Remember 2019? It seems like a lifetime ago, doesn’t it? But alas, we’re now into the second quarter of 2020, a year none of us will soon forget, and that means it’s time for the Brewers Association to release its annual growth report for the previous year. Likely, next year’s report will look a lot different.
The good news, and we should take it wherever we can find it these days, 2019 was another year of growth for the craft beer industry. Modest growth, sure, but we’ll take it. Incremental, modest growth is a trend that continues for craft beer. At the same time, the beer category overall, which includes the non-craft macro breweries, continues to trend downward. So “those guys” are losing ground while the craft beer segment is gaining ground. That does not include the Fermented Malt Beverage category (Smirnoff, Mike’s Hard, White Claw, etc.), which is its own thing. No doubt, the big beer company’s are finding some traction in that category.

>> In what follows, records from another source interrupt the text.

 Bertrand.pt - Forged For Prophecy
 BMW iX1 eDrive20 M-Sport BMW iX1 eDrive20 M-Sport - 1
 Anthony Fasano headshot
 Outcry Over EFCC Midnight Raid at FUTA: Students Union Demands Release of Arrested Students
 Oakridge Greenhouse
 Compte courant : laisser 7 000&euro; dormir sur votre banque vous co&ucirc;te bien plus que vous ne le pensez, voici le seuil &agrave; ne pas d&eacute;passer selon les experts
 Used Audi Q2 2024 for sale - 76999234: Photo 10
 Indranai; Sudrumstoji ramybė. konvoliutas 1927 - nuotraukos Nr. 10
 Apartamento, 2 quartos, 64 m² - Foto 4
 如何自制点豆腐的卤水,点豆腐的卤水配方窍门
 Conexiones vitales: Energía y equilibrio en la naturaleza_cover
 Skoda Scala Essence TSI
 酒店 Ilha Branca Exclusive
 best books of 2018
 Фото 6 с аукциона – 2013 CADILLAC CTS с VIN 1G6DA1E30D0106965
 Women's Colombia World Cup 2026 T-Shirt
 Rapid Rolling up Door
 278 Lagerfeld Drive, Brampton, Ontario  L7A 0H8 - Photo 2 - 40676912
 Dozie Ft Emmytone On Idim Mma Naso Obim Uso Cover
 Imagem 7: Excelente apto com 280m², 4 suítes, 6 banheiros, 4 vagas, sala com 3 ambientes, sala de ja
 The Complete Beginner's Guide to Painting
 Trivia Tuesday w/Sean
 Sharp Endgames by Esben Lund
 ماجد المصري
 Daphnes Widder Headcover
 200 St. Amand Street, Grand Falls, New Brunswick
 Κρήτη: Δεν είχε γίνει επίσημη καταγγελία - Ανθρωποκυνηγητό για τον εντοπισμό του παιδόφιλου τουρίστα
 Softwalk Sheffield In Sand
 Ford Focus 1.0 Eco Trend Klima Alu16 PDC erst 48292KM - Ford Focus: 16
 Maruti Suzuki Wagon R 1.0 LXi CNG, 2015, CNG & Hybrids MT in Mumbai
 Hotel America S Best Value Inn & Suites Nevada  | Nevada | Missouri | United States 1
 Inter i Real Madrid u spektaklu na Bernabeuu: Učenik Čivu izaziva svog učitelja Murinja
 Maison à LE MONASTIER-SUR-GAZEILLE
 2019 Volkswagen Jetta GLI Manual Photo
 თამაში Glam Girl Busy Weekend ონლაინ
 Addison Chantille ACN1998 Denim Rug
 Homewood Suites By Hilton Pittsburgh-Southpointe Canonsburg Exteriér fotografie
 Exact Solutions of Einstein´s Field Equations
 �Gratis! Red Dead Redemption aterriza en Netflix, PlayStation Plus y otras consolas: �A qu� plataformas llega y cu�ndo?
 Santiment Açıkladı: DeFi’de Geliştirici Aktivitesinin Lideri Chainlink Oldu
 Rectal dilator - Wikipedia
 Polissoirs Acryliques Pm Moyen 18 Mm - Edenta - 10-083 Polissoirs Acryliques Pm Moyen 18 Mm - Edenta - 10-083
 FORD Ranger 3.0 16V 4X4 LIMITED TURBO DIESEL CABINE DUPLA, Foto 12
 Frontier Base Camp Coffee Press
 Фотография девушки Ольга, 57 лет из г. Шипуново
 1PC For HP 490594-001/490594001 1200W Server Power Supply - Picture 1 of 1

Here is the press release and report from the Brewers Association:
Brewers Association Releases Annual Growth Report for 2019
Boulder, Colo. (April 14, 2020) The Brewers Association (BA)—the trade association representing small and independent¹ American craft brewers—today released annual growth figures for the U.S. craft brewing industry.² In 2019, small and independent brewers collectively produced 26.3 million barrels of beer and realized just under 4% total growth³, increasing craft’s overall beer market share by volume to 13.6%.
Retail dollar value was estimated at $29.3 billion, representing 25.2% market share and 6% growth over 2018. Growth for small and independent brewers occurred in an overall down beer market, which dropped 2% by volume in 2019. Craft brewers provided more than 160,000 direct jobs, an increase of 7% over 2018.
“Small and independent brewers continued to serve as job creators, strong economic contributors, and community beacons in 2019, while craft maintained a fairly stable growth rate in 2019 and continued to gain share in the beer market,” said Bart Watson, chief economist, Brewers Association.
There were 8,275 craft breweries operating in 2019, including 2,058 microbreweries, 3,011 brewpubs, 2,966 taproom breweries, and 240 regional craft breweries. Throughout the year, there were 942 new brewery openings and 294 closings.
“Although craft brewers entered 2020 on a solid foundation, the beer landscape is dramatically different today than it was just a few months ago. Breweries will be facing new realities due to the pandemic with extended closures, tight cash flow, societal shifts, and other economic variables in play. These 2019 figures will allow us to see how much COVID-19 affects small brewer production and jobs,” added Watson.
Note: Numbers are preliminary. For additional insights from Bart Watson, visit Insights & Analysis on the Brewers Association website. The full 2019 industry analysis will be published in the May/June 2020 issue of The New Brewer, highlighting regional trends and production by individual breweries.
¹An American craft brewer is a small and independent brewer. Small: Annual production of 6 million barrels of beer or less (approximately 3% of U.S. annual sales). Beer production is attributed to the rules of alternating proprietorships. Independent: Less than 25% of the craft brewery is owned or controlled (or equivalent economic interest) by an alcoholic beverage industry member that is not itself a craft brewer. Brewer: Has a TTB Brewer’s Notice and makes beer.
²Absolute figures reflect the dynamic craft brewer data set as specified by the craft brewer definition. Growth numbers are presented on a comparable base. See full methodology.
³Volume by craft brewers represent total taxable production.